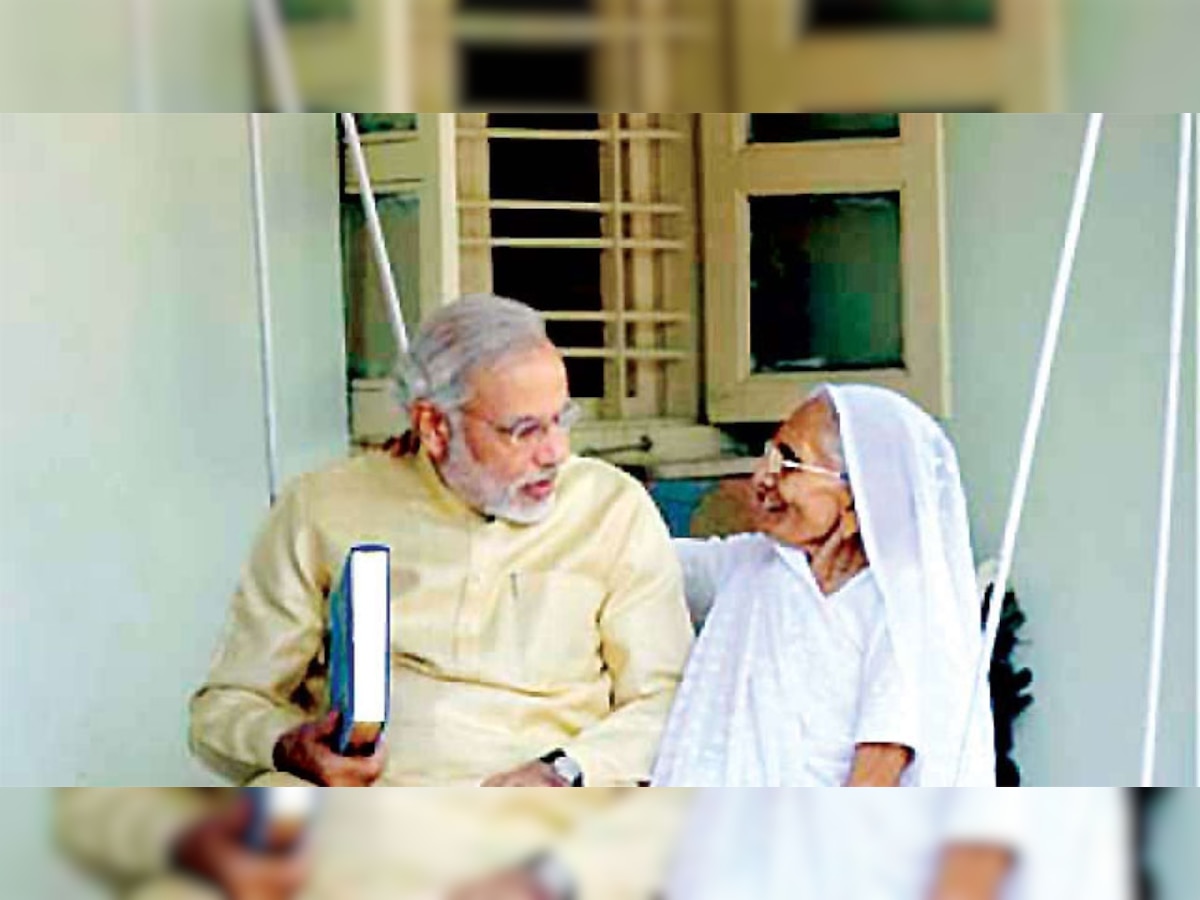 PM मोदी पहुंचे मां से मिलने, परिवार के सदस्‍यों के साथ गुजारे 30 मिनट 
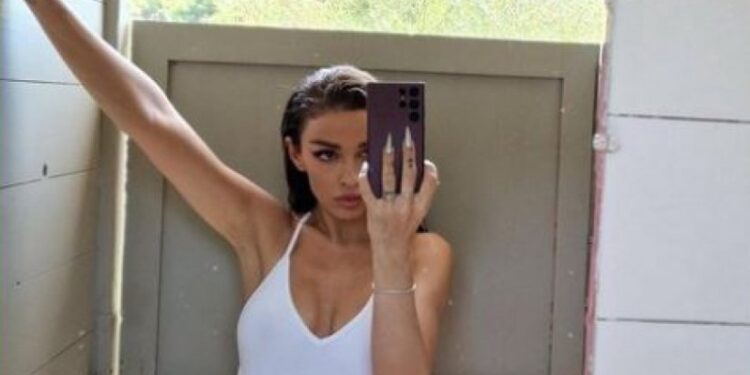 Eleni Foureira tregon pse e mbajti të fshehtë origjinën shqiptare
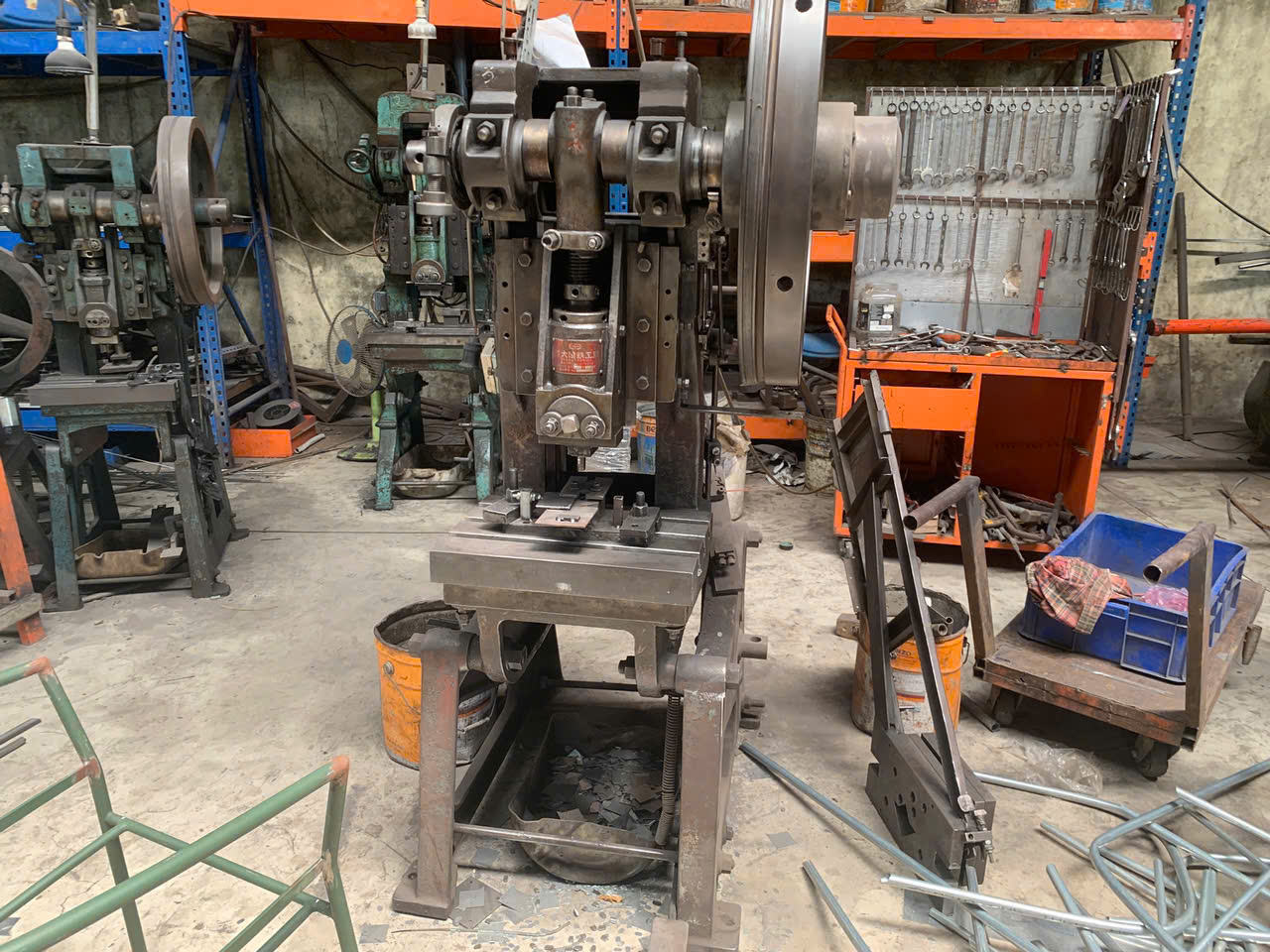Stamping machine 2.jpg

What the task asks: Reproduce the listing above exactly, excluding all pictures.

Task solution:
 PM मोदी पहुंचे मां से मिलने, परिवार के सदस्‍यों के साथ गुजारे 30 मिनट 
 Eleni Foureira tregon pse e mbajti të fshehtë origjinën shqiptare
Stamping machine 2.jpg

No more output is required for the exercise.